Wow, I got a lot more feedback than I expected!

I can see both sides of the argument, both on technical merits, and
more philosophical merits. When I first learned C++ I felt
setters/getters were a waste of my time and extra code. When I moved
to C# I still felt that, and with their 'Property" syntax I perhaps
felt it more. What changed my mind is when I started placing logic in
them to check for values and throw expections or (hopefully) correct
the data. That's probably reason one why I find it weird in Python

Reason two is, as the user of a class or API I *don't care* what is
going on inside. All I want visible is the data that I can change. The
'_' convention is nice.. I do see that. I guess my old OOP classes are
hard to forget about. I feel that the state of an object should be
"stable" and "valid" at all times, and if its going into an unstable
state - error then, not later. That's why I like being able to protect
parts of an instances state. If, as a provider of a calculation engine,
I let the user change the internal state of the engine, I have no
assurances that my product (the engine) is doing its job...

<shrugs>

I appreciate all the feed back and enjoyed reading the discussion. It
helps me understand why Python community has chosen the road they have.
- Thanks.

Jan 8 '07 #52

Bruno Desthuilliers

ti********@gmail.com a écrit :

Wow, I got a lot more feedback than I expected!

I can see both sides of the argument, both on technical merits, and
more philosophical merits. When I first learned C++ I felt
setters/getters were a waste of my time and extra code. When I moved
to C# I still felt that, and with their 'Property" syntax I perhaps
felt it more. What changed my mind is when I started placing logic in
them to check for values and throw expections or (hopefully) correct
the data. That's probably reason one why I find it weird in Python

Python does have properties too. The point is that you can as well start
with a plain attribute, then turn it into a computed one when (and if)
needed.

Reason two is, as the user of a class or API I *don't care* what is
going on inside.

Very true... until you have a legitimate reason to mess with
implementation because of a use case the author did not expect.

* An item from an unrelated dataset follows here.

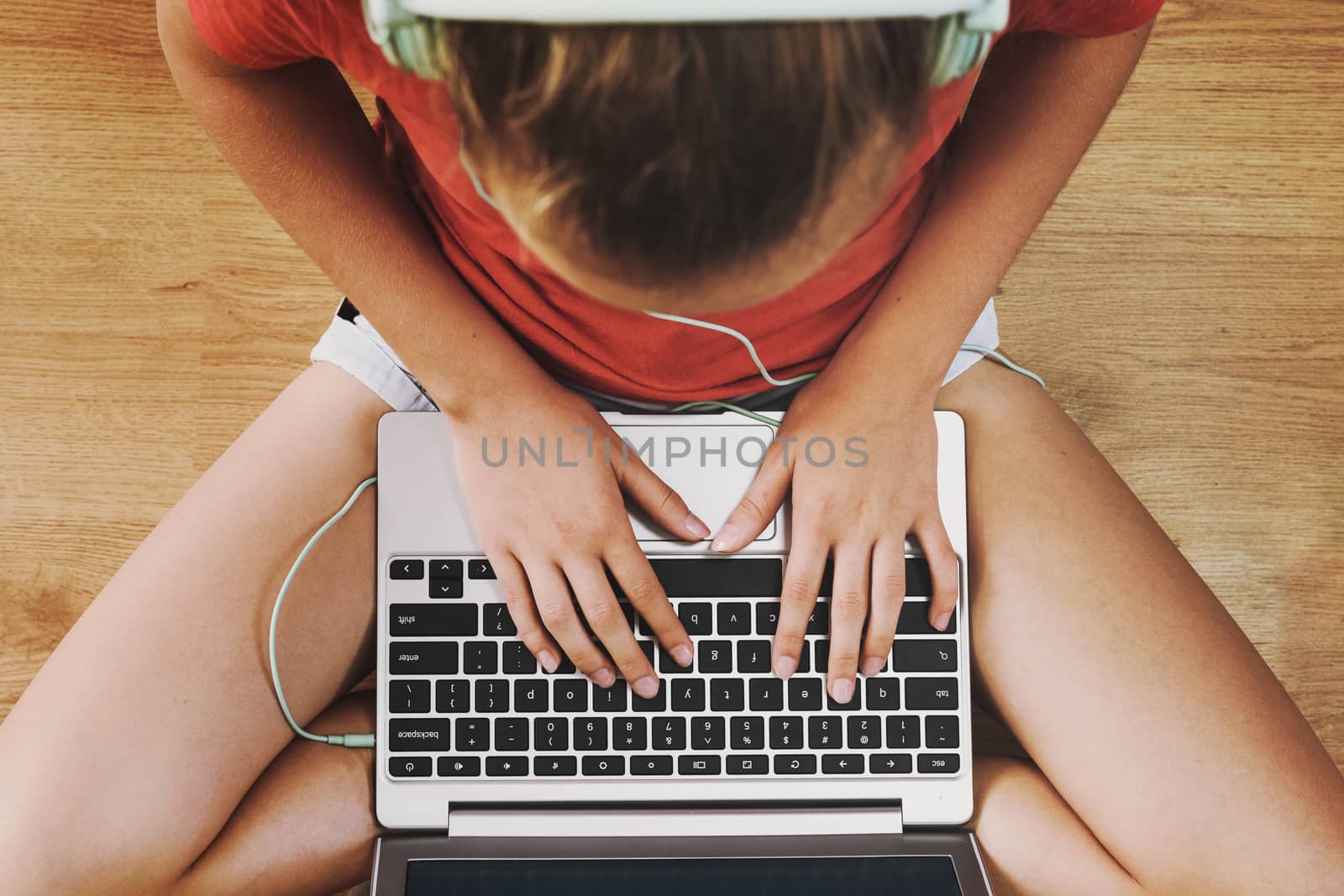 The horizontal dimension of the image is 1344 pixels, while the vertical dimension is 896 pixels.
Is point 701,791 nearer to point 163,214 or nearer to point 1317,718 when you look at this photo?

All I want visible is the data that I can change. The
'_' convention is nice.. I do see that. I guess my old OOP classes are
hard to forget about.

Access restriction is not a mandatory part of OO. Of course, objects are
supposed to be treated as "black boxes", but that's also true of a
binary executable, and nothing (technically) prevents you to open it
with an hex editor and hack it as you see fit... But then, you would not
complain about strange bugs, would you ?-)

I feel that the state of an object should be
"stable" and "valid" at all times,

That's fine. Just remember that, in Python, methods are attributes too,
and can be dynamically modified too. So when thinking about "object
state", don't assume it only implies "data" attributes. Heck, you can
even dynamically change the *class* of a Python object...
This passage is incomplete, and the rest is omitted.